Exercise: Everything in the records below goes into the copy exactly, except the pictures.

Input for this task:

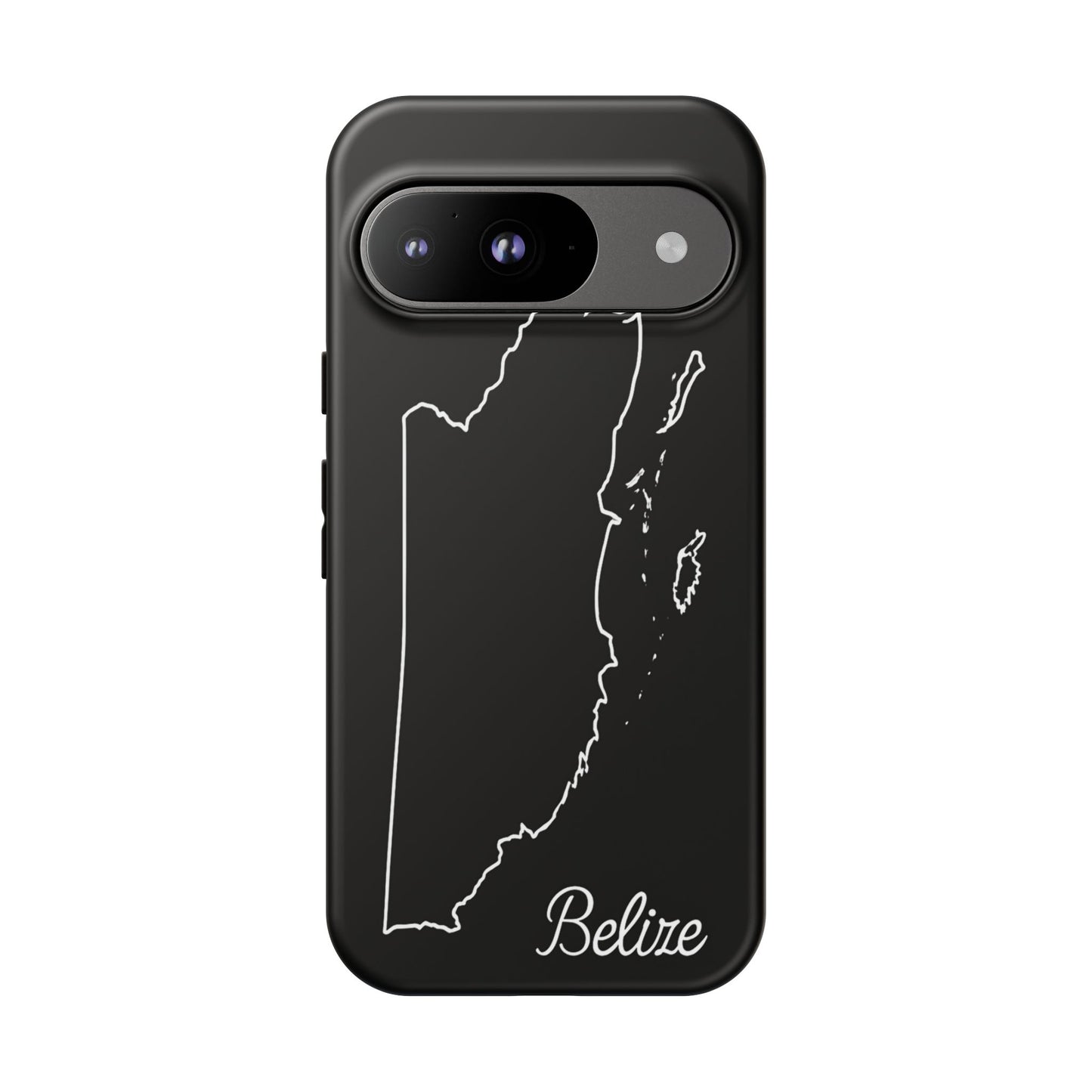 Belize Outline Phone Case – Minimal Country Map Tough Case (iPhone, Samsung, Pixel)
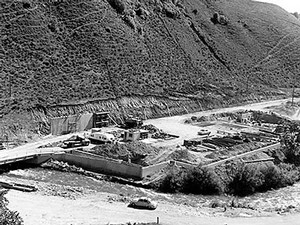USU's Utah Water Research Laboratory under construction in 1964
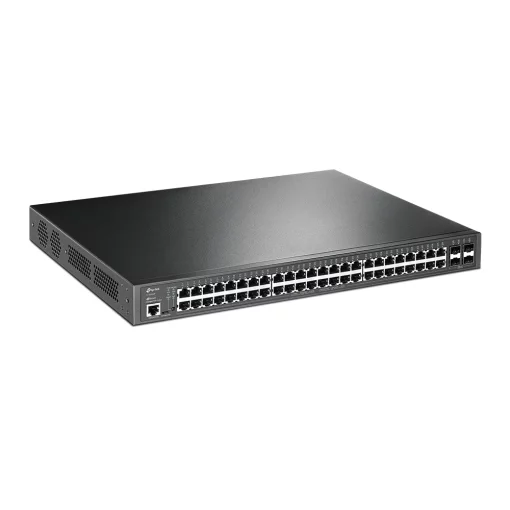 Комутатор TP-LINK TL-SG3452P 48xGE (48xPoE), 4xSFP, 384Вт, Керований L2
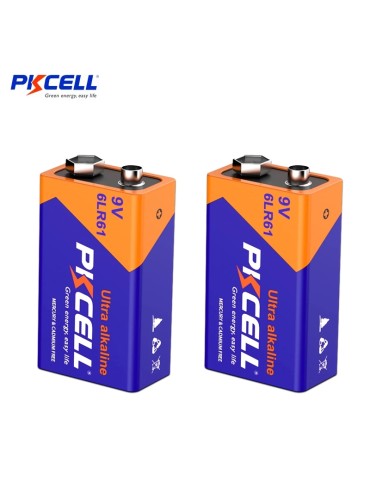 PKcell 2-pack 9V 6LR61 DC Ultra Alkaliskt batteri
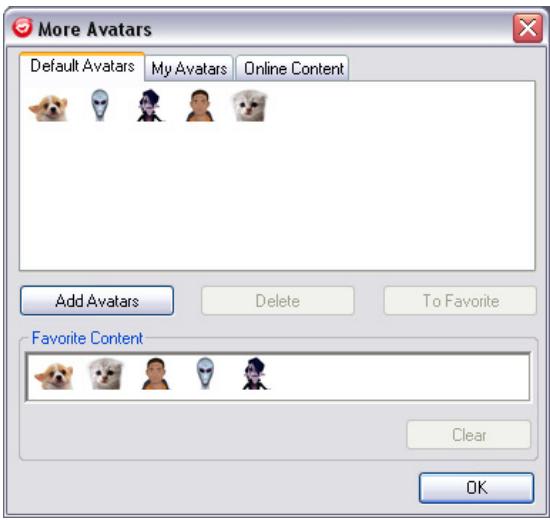 GENIUS SLIM 1322AF - Sélectionner un avatar - 2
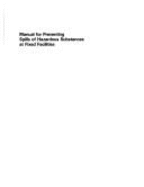 Manual for Preventing Spills of Hazardous Substances at Fixed Facilities - Unterberg, L, and Unterberg L, and Unterberg, Walter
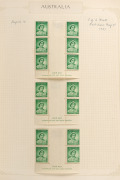 A comprehensive collection of KGVI to early QEII&nbsp;issues, attractively presented in an annotated album. With values to 3/-, the main interest is in the KGVI &frac12;d - 1/4 definitives, with numerous Imprint blocks of 4 (and larger), coil strips and starters, pap - 4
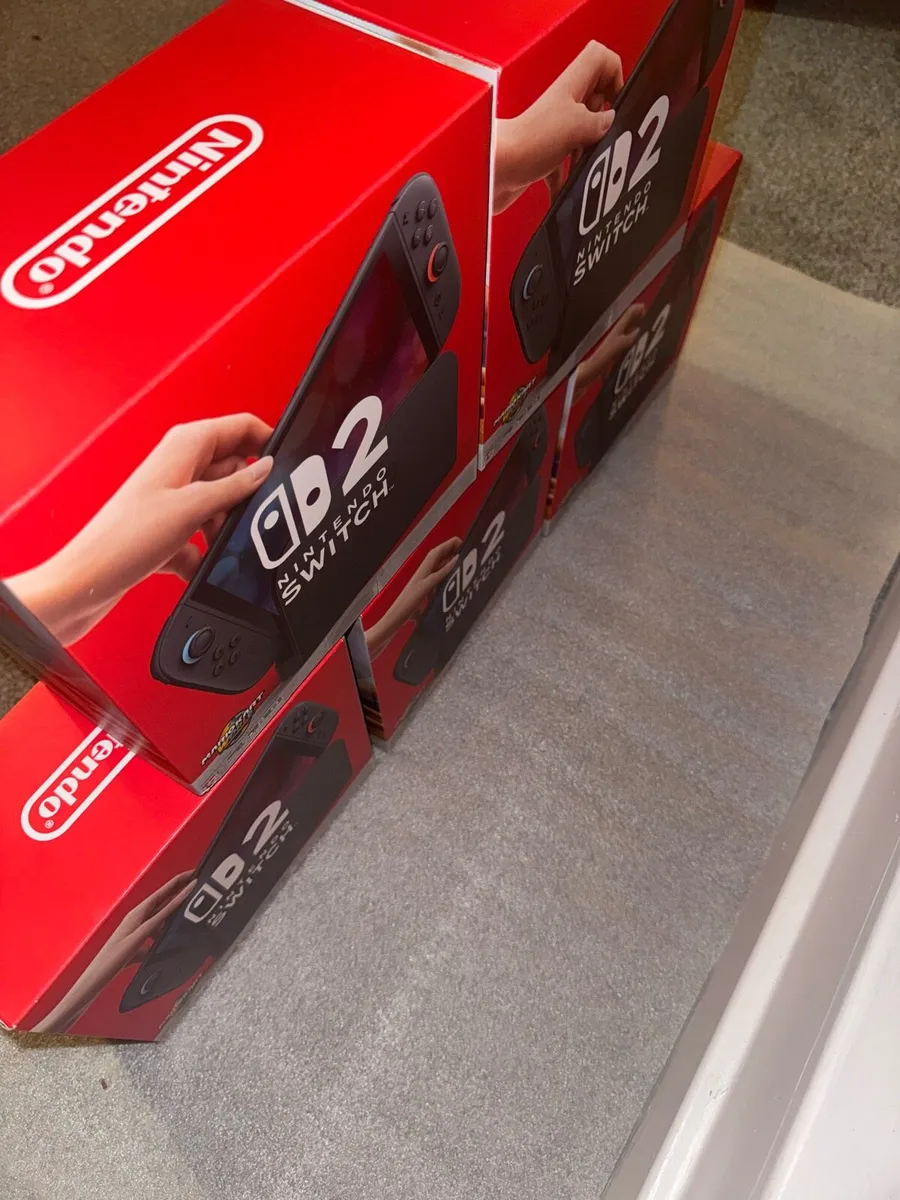 Nintendo Switch 2 + Mario KART WORLD Brand New - Image 2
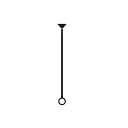 【ポイント10倍(5/1限定)】川口技研 軒天用物干 SPI型 SPI-65-BL ブラック 高さ650mm (1セット:2本入り) 建材 建設 生活雑貨 資材...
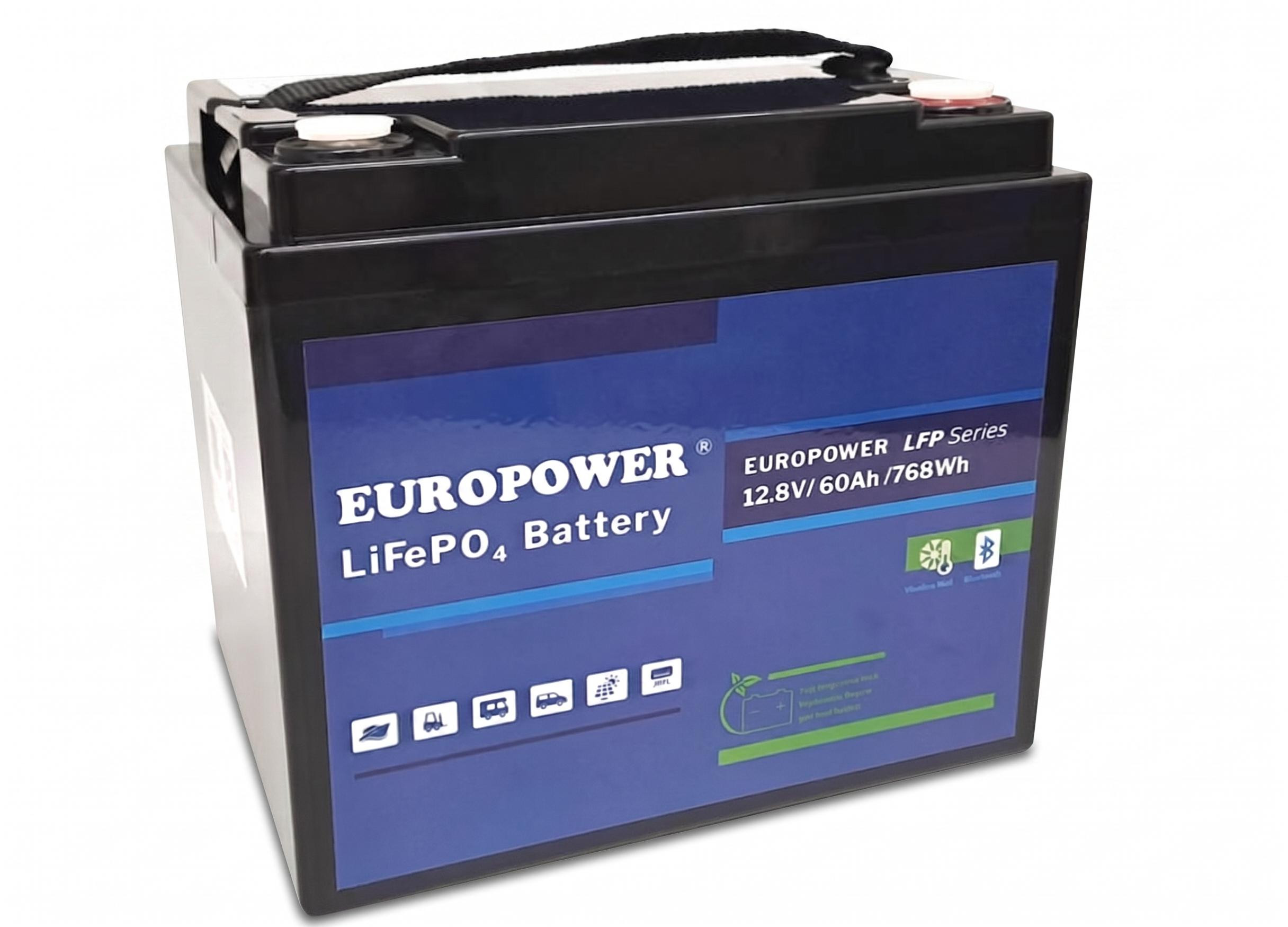Akumulators LiFePO4 EUROPOWER sērija LFP 12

Reply to the exercise:
 Belize Outline Phone Case – Minimal Country Map Tough Case (iPhone, Samsung, Pixel)
USU's Utah Water Research Laboratory under construction in 1964
 Комутатор TP-LINK TL-SG3452P 48xGE (48xPoE), 4xSFP, 384Вт, Керований L2
 PKcell 2-pack 9V 6LR61 DC Ultra Alkaliskt batteri
 GENIUS SLIM 1322AF - Sélectionner un avatar - 2
 Manual for Preventing Spills of Hazardous Substances at Fixed Facilities - Unterberg, L, and Unterberg L, and Unterberg, Walter
 A comprehensive collection of KGVI to early QEII&nbsp;issues, attractively presented in an annotated album. With values to 3/-, the main interest is in the KGVI &frac12;d - 1/4 definitives, with numerous Imprint blocks of 4 (and larger), coil strips and starters, pap - 4
 Nintendo Switch 2 + Mario KART WORLD Brand New - Image 2
 【ポイント10倍(5/1限定)】川口技研 軒天用物干 SPI型 SPI-65-BL ブラック 高さ650mm (1セット:2本入り) 建材 建設 生活雑貨 資材...
Akumulators LiFePO4 EUROPOWER sērija LFP 12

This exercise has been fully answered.